First things first, time for introductions. My name’s Mike. I’m a 19 year old who currently attends Iowa State University, located in lovely Ames, IA, but I’m originally from Omaha, NE. I’m studying to be an Aerospace Engineer, which could explain part of the reason why I blog about politics: it gives me something to do that a) has absolutely nothing to do with calculus, b)I actually enjoy, and c) doesn’t make me want to tear my hair out. Anyway, I’m also in the Air Force Reserve Officer Training Corps (AFROTC) and I plan on commissioning as an officer in the USAF and making a career out of it, if they’ll let me. I’m an Eagle Scout, which hopefully tells you quite a bit about me right there. I used to enjoy camping and still do somewhat, but I’m a much bigger fan of climbing, especially 14′ers in Colorado. Better views, and I get to eat real food for dinner and sleep in a bed. I also enjoy hunting upland game birds, although in Nebraska the activity should properly be titled “morning stroll through field with shotgun,” because there never seems to be too many birds.

As you might have guessed, I’m a pretty big geek. I love airplanes and anything to do with them. I’ve gotten laughed at numerous times for referring to an airplane as “sexy.” I also love to read. I used to be real big into military techno-thrillers along the lines of Clancy’s work, but I’ve kind of gotten away from that in recent years, primarily because I unfortunately only have a limited amount of time to read, and so much important stuff to read it in. I have gotten back into reading fiction with some Heinlein, and fully intend on reading everything he’s written sometime in the future, but for now I’ve been focusing on military strategy documents, papers, and books, primarily on fighting counter-insurgency.

But that’s the kind of stuff that belongs over at my home blog, the No Angst Zone (shameless plug #1). What you’re interested in is the libertarian side of things. My early political views were shaped by my Dad who would best be described as a Reagan Republican. While I would whole-heartedly back the GOP if they were to return to the Reagan days, I’m much more to the libertarian side of things than a typical Reagan Republican.

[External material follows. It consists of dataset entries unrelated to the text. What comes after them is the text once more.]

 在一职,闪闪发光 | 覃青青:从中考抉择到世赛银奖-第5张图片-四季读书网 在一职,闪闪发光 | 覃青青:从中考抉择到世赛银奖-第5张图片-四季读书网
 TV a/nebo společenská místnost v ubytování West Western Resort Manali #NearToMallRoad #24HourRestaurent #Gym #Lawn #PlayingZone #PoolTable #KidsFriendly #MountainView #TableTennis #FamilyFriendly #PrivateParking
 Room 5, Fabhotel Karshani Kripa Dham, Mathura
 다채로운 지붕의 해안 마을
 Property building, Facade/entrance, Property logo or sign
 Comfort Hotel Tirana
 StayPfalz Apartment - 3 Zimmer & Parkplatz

A lot of that change happened when I started reading libertarian blogs; Eric’s, Brad’s, Robert’s, T.F.’s, and Perry’s are all some I started reading 2 or so years ago. Since that time I’ve become closely acquainted with Jefferson, Madison, Locke, Smith, Bastiat, and several others, in part thanks to those guys. Sadly, I feel quite alone when it comes to being able to discuss these people and their ideas. I’ve become known as the “crazy libertarian” in my group of friends; I even had one come up to me and ask me to explain to her what exactly libertarianism is.

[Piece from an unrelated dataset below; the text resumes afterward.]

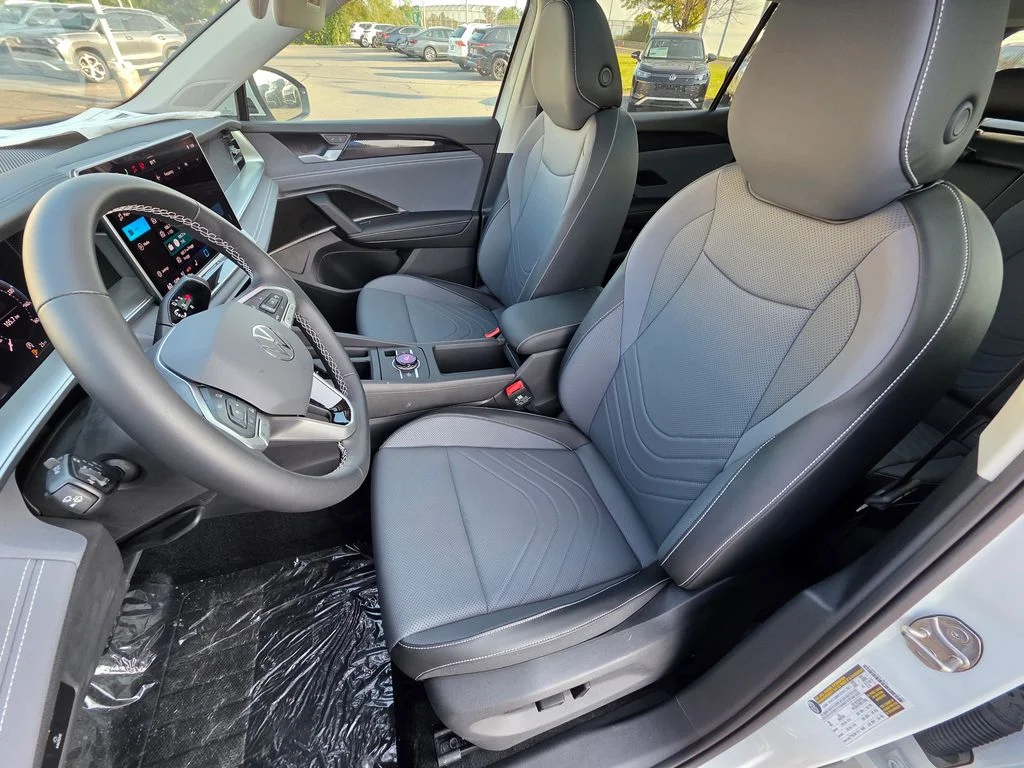 2026 Volkswagen Tiguan SE - Photo 13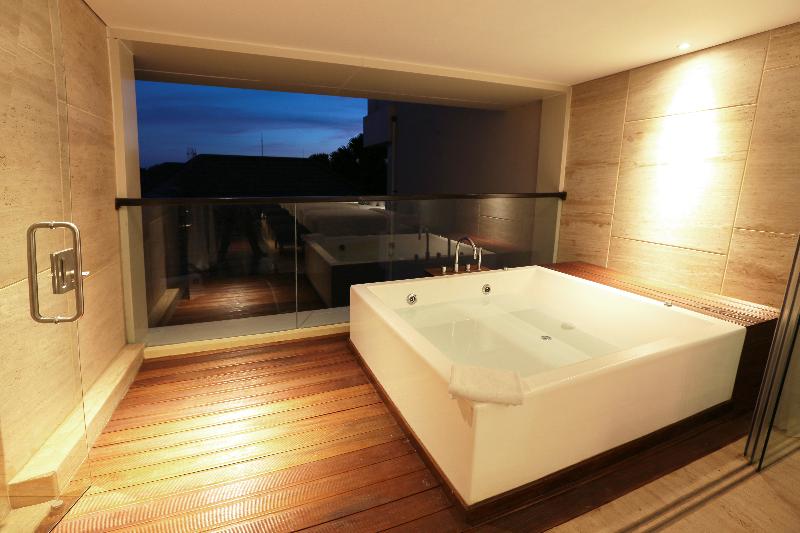 de Vins Sky Hotel Seminyak - Oda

So. Now that you know about me, what do I believe in? I feel that the Founding Fathers knew what the hell they were doing, so perhaps we should stop trying to interpret what they “really” meant and simply take the Constitution for what it is. I think that the most important Amendment to the Constitution was the 10th. I believe in unalienable rights to life, liberty, and property. I believe in the right of people to act aggressively and if necessary violently to protect their unalienable rights, whether from intrusion by other citizens or by the government. I believe in a strong foreign policy. I think such a foreign policy is necessary because we’re currently engaged in a war that has been going on for 30 odd years and that will be going on for another hundred. Finally, I think having a federal drinking age of 21 is one of the stupidest things this government has done in the past 25 years. (Come on, you know that last one was coming; I am a college student, after all.)

Most importantly, I believe in me. And in every other individual out there. The individual is what always has and always will make this country great. It is the right and idea of the individual that must be protected above all else.

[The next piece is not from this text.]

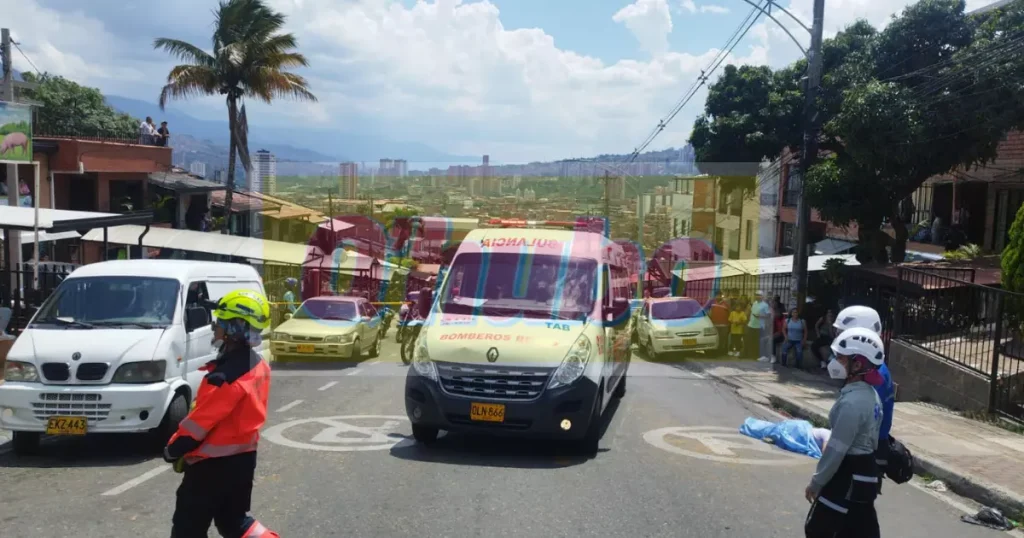 La mujer fue socorrida por los bomberos de Bello, quienes llegaron al lugar en el barrio Niquía Camacol
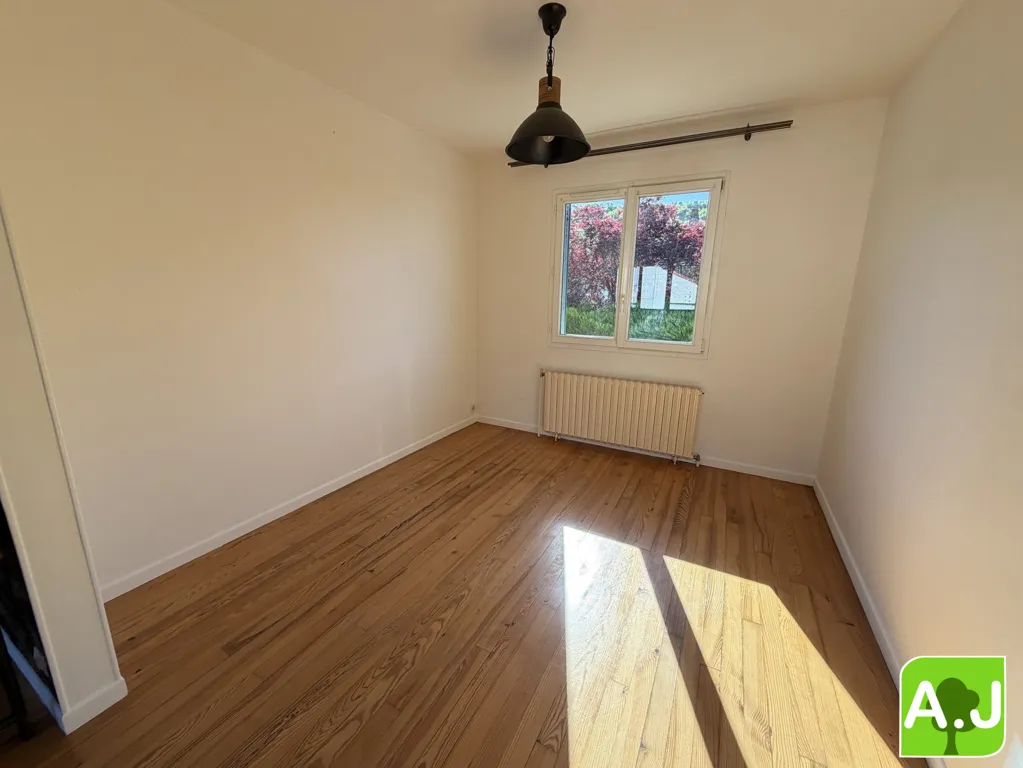 Toad - Renovated House with Garden in Breval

Like I said above, my personal blog is the No Angst Zone. It’s a mix of libertarian and military/foreign policy themed material, with some humor thrown in every now and again. Feel free to check it out if you’re interested.

Finally, I’d just like to say thanks to Brad for inviting me to contribute over here. I’m definitely excited to be given the opportunity.

(In case you didn’t get the reference in the title, head on over to wikipedia. I’m a HUGE Simpsons fan.)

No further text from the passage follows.